Continuo com dificuldade crescente de entender a lógica que move a esquerda partidária - embora se esforce em dizer o contrário = a apostar tanto nos embates eleitorais, cujo saldo político-pedagógico e cujos frutos concretos não justificam, na minha modesta avaliação, os esforços envidados, o tempo despendido e os investimentos realizados (em certos casos, até implicando endividamento)... Continuo sustentando que seriam bem outros os frutos, se, em vez de seguirem apostando na cada vez mais desgastada via eleitoral, centrassem seus esforços em atividades visando a um enraizamento mais consistente nas lutas sociais do campo e das periferias urbanas, de modo diuturno.
Como estamos cansados de saber (mas teimando incorrigivelmente em tirar leite de bode...), a logística das campanhas eleitorais só pode favorecer aos candidatos dos partidos ou coligações da ordem. Assim se fez, em relação às candidaturas Dilma Rousseff, José Serra e Marina Silva. A candidatura Plínio correu um tanto à margem desse processo, mas sempre implicando alguma vantagem para o sistema, à medida que, assim agindo, o sistema se faz passar como generoso e mais“democrático”...
Sendo assim, o regime nada teria a temer, quem quer que dos três candidatos saísse vitorioso. Até pode ter alguma preferência adjetiva. Mas isto não impediria, como não impediu, generosos financiamentos assegurados por setores privilegiados do sistema aos três candidatos, certos de que, após a eleição, a fatura será honrada, pois “Quem come do pirão, prova do meu cinturão.” Com efeito, de quê mesmo teriam os setores financistas ou o agronegócio que se queixar das candidaturas oficiais?
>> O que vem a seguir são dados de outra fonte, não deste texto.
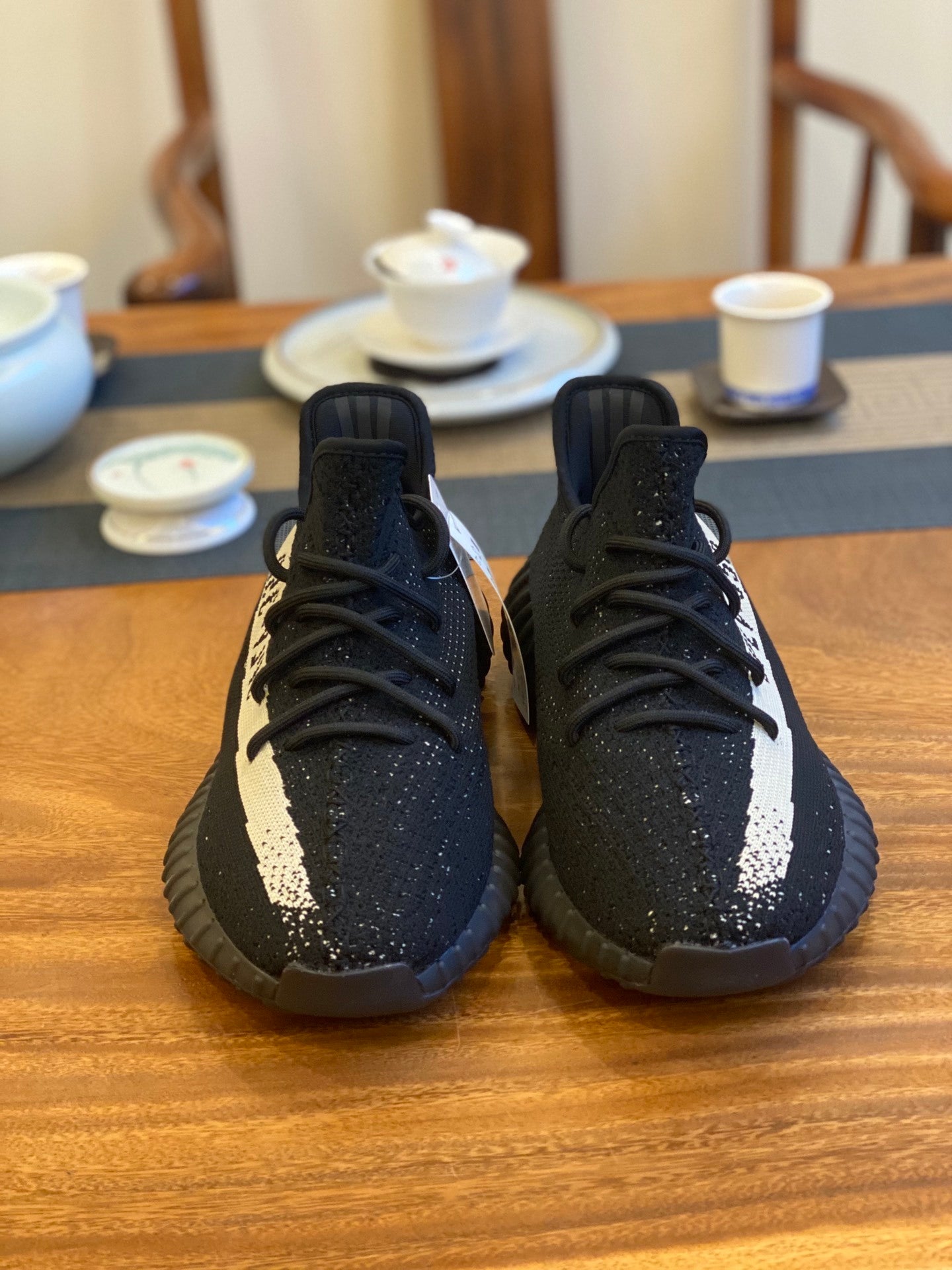 UNISEX KNIT LOW-TOP CASUAL SNEAKERS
Bem mais do que em eleições precedentes, foi descomunal o investimento da militância da candidata Dilma Rousseff, principalmente pela via eletrônica. Das demais candidaturas, também. Mas, sobretudo, no segundo turno, envolvendo as candidaturas Dilma Rousseff e José Serra. De fato, foi extraordinário o movimento diário dos correios eletrônicos, prestando-se, de modo eficaz e com excessos de parte a parte, a sensibilizar e a influir sobre uma parcela considerável da população. Com uma vantagem (entre outras): a de tratar-se de um público detentor também de relativo poder de influência para além desta categoria. Um dos pontos mais chocantes foi o recurso abusivo à motivação religiosa, à sórdida manipulação da boa fé de parte considerável da população, numa afronta à desejável laicidade do Estado. Felizmente, tratou-se de uma tática eleitoralmente mal sucedida.
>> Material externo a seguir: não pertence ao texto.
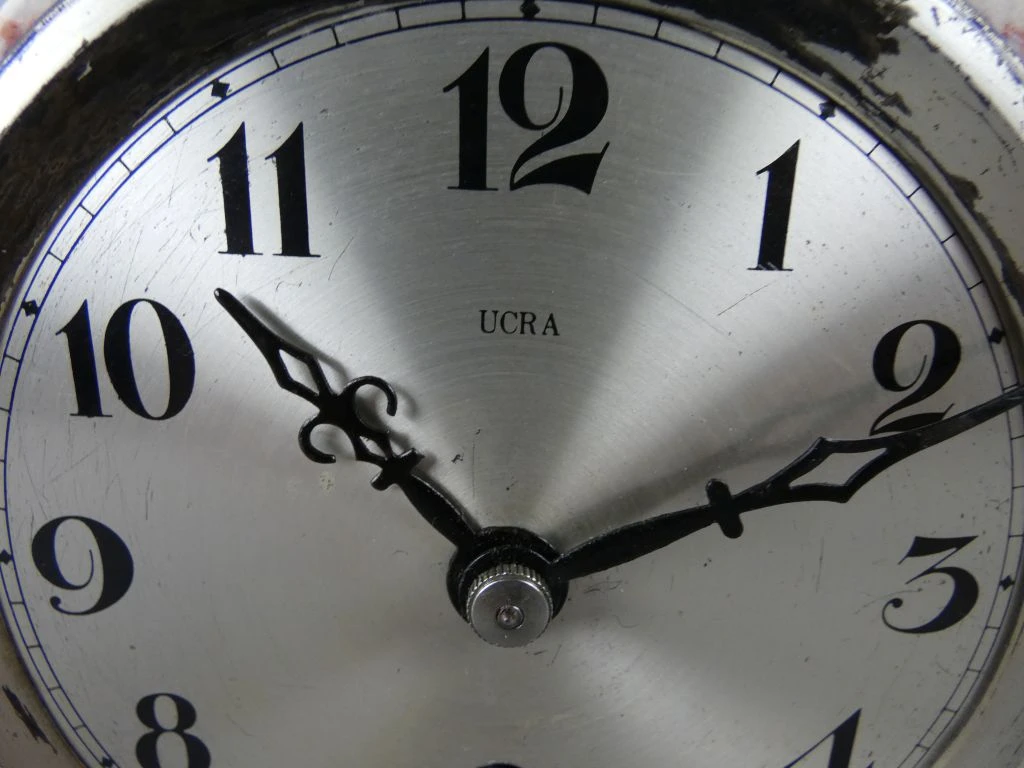 Marmeren schouwklok met messing accenten en opwind sleutel - foto 9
Ainda que não determinante, contou positivamente, em favor da candidatura Dilma Rousseff, o fato de ser mulher, ao apresentar-se com um traço excepcional: seria a primeira mulher brasileira, a ser eleita presidente do Brasil. Embora deseje, com ardor, ver cada vez mais e melhor reconhecido o lugar das mulheres na sociedade, por outras vias, associo-me a essa comemoração, desse ponto de vista, ainda que tal processo se tenha dado não por só por conquista, também – e em parte considerável – por concessão...
Fato também atípico quanto inquietante foi a forma (que reputo infeliz) de participação de segmentos da hierarquia das igrejas no processo eleitoral, de modo tão incisivo e escancarado, quando o mais comum tem sido uma participação no plano dos princípios éticos. Desta vez, o comportamento se mostrou escancarado, numa atitude pouco desejável a quem pretenda exercer uma atitude profética perante as instâncias do Mercado ou do Estado. As igrejas cristãs, a meu ver, não saem vitoriosas desse processo. Para dizer o mínimo.
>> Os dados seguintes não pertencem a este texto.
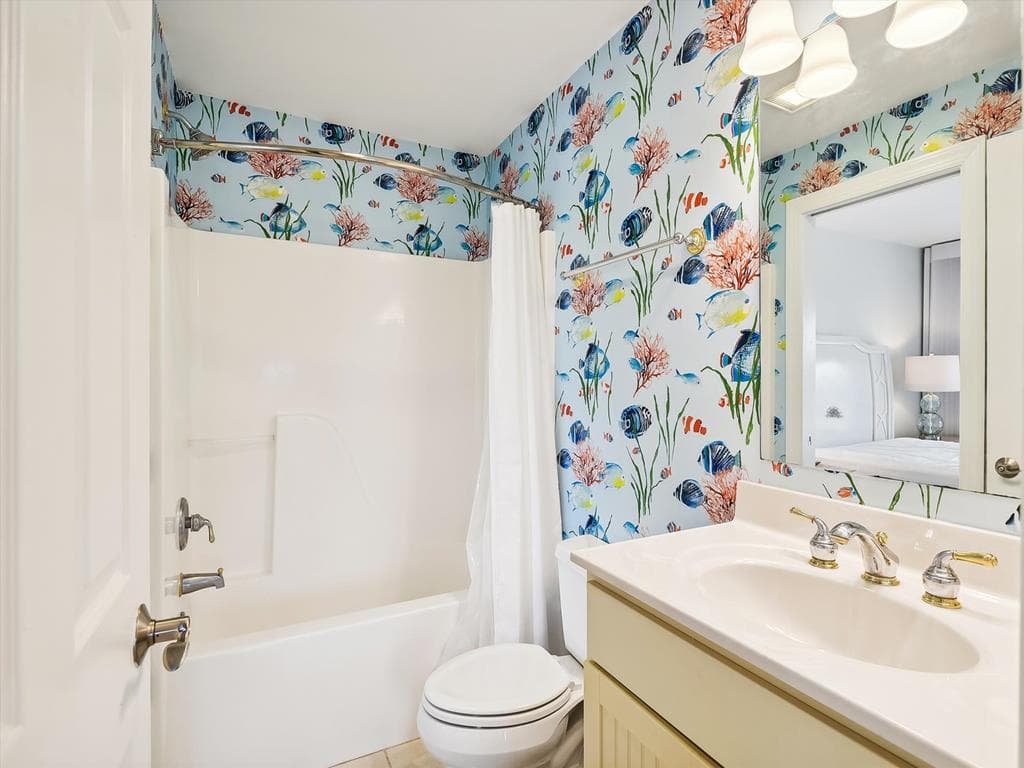 Tjoumas 2 - Photo 45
Chamam a atenção, igualmente, dois fatos intrigantes: o número espetacular de correspondentes eletrônicos, transformados em dedicadíssimos militantes, especialmente da candidatura Dilma Roussef; e, de modo articulado, a espantosa freqüência com que isto se fazia. Eu próprio reccebi incontáveis “mails” de pessoas que, de repente, várias vezes ao dia, se dedicavam, com toda a paixão, a socializar, por meio de vastas listas de contatos, notícias, artigos, textos, abaixo-assinados, depoimentos de personalidades influentes, verdadeiras apologias incondicionais da cantidatura Dilma Rousseff. O lado intrigante do fato é saber se, no caso de boa parte dessa generosa militância, além da motivação em defesa dos pobres, não haveria também – e principalmente! - interesses pessoais em jogo... Sei que de uma pequena parte, não!
Outro aspecto que sobre todos os demais prevalece, nessas primeiras considerações avaliativas, diz respeito ao apoio incondicional prestado à candidatura Dilma Rousseff por expressivas lideranças do MST e da Via Campesina. É sabido que uma das características mais fortes dos movimentos sociais populares – notadamente naqueles que se apresentam comprometidos com a construção de uma sociabilidade alternativa ao Capitalismo e a qualquer sociedade de classes é o zelo pela sua autonomia diante do Mercado e de seu Estado e respectivos aparelhos. No momento em que um determinado movimento social baixa a guarda ou abre mão desta marca, ameaça sua autonomia, emitindo sinais de fragilidade ou de pouca disposição para o exercício do protagonismo por meio das lutas sociais, como instrumento central de suas conquistas e do seu projeto.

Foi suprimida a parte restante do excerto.